Waktu, material hampa yang melekat pada setiap sisi kehidupan, tidak tersentuh tapi terasa, seperti keinginan akan sesuatu.
Tumbuh, salah bagian dari masa yang tidak akan bisa dihindari setiap anak manusia.
Saat pertengahan tahun ajaran pertama, suara Bayu mulai berubah, terdengar lebih kasar dan sedikit berat.
Beberapa hari sebelumnya, ia juga mengalami mimpi yang aneh, mimpi mutlak bagi anak lelaki sebagai gerbang menuju kedewasaan.
Sebuah mimpi yang begitu dalam, hingga terasa oleh tubuhnya yang nyata.
Selama enam bulan lebih, Bayu telah belajar dalam ruangan yang sama dengan orang-orang yang sama setiap enam hari dalam seminggu. Namun, hanya setengah dari mereka yang cukup akrab dengan Bayu.
Bayu menjadi murid di kelasnya yang terlihat cemerlang oleh guru.

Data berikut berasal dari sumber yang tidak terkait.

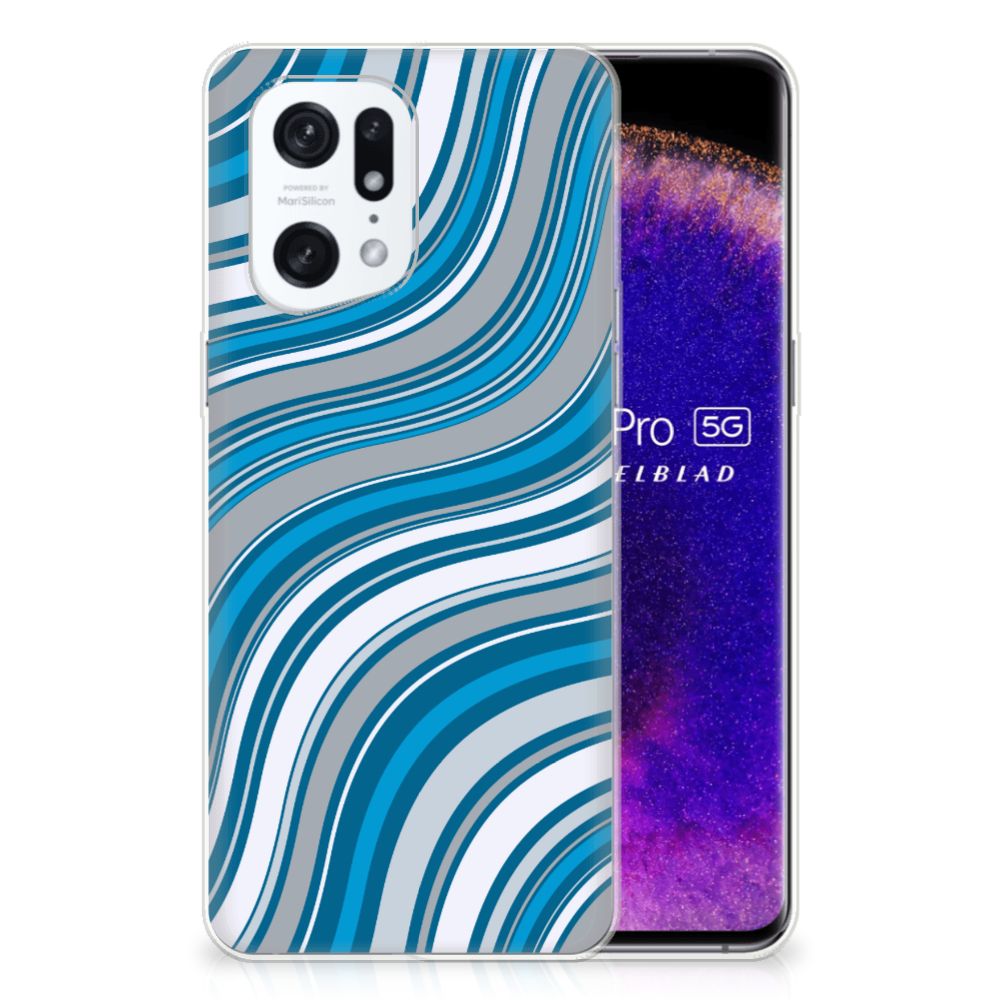 OPPO Find X5 Pro TPU bumper Waves Blue B2C Telecom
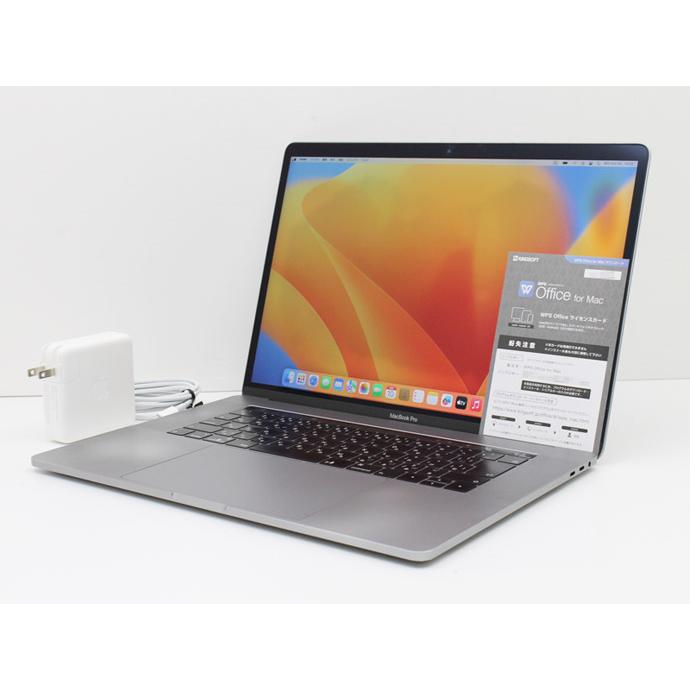 Apple Macbook Pro 15-inch,2018 MR942J/A スペースグレイ WPS Office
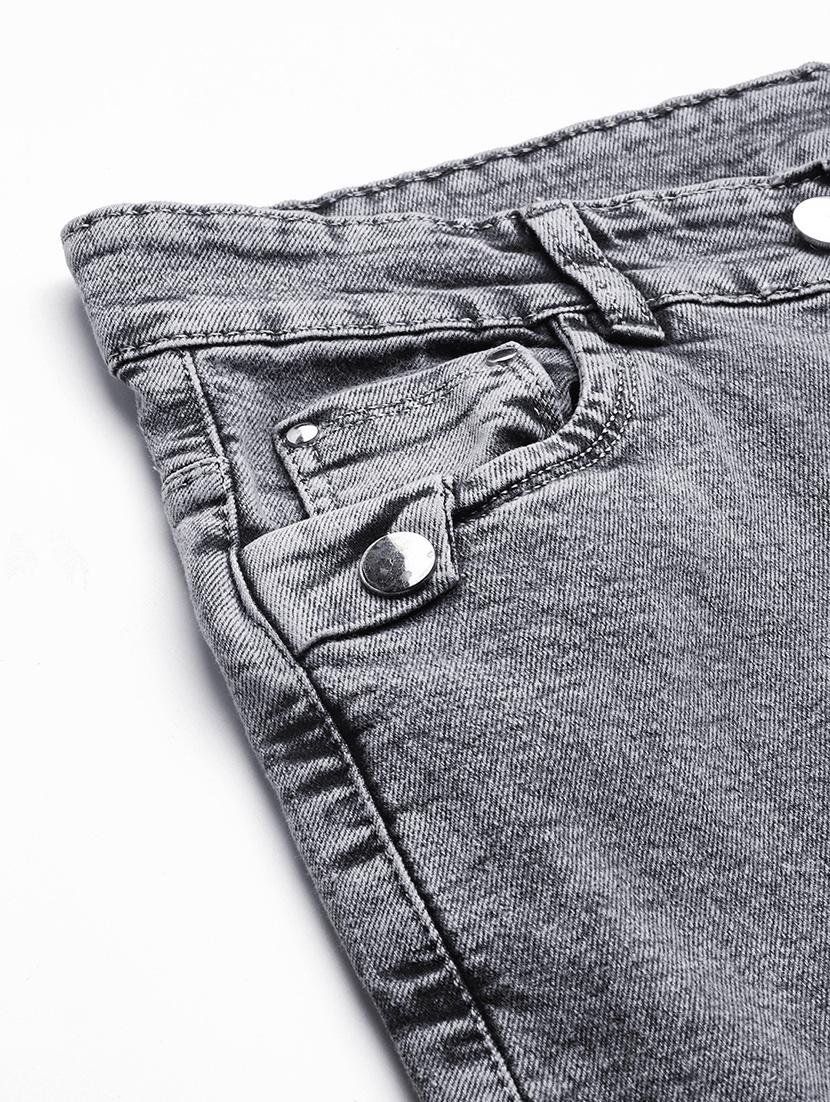 women solid mid rise bootcut jean - 21880986 - Standard Image - 4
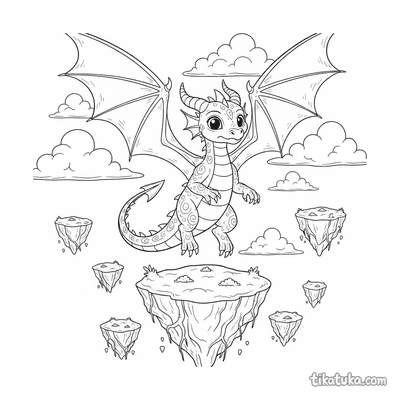 Young Dragon Learning to Fly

Guru kesenian bahkan pernah tak percaya jika gambar Bayu adalah hasil karyanya sendiri, itu sebelum guru tersebut melihat secara langsung proses Bayu membangun lukisan pada selembar kertas.
Teori evolusi yang menyatakan bahwa manusia berasal dari kera ditolak mentah-mentah oleh Bayu.
"Apakah Bapak percaya dengan teori itu? pelajaran ini secara tidak langsung menyatakan bahwa Nabi Adam adalah kera, dan saya tidak bisa terima itu." ungkap Bayu ketika mendapat giliran bertanya saat sesi tanya jawab.
"Bukan karena saya percaya, saya mengajarkan hanya karena materi ini ada dalam buku pelajaran dan pasti akan muncul dalam pertanyaan ujian sekolah. Saya tidak meminta kalian untuk percaya, kalian cukup mengetahui teori ini saja." Sebuah jawaban yang memuaskan bagi Bayu.
Langkah awal Bayu menuju kedewasaan di tandai dengan munculnya seorang murid pindahan di kelasnya.
"Nama saya Reski Amalia, dipanggil Kiki." Sebuah kalimat perkenalan di depan kelas.
Bayu hanya mendengar namanya, ia tak menatap wajah gadis yang berdiri penuh percaya diri di depan sana.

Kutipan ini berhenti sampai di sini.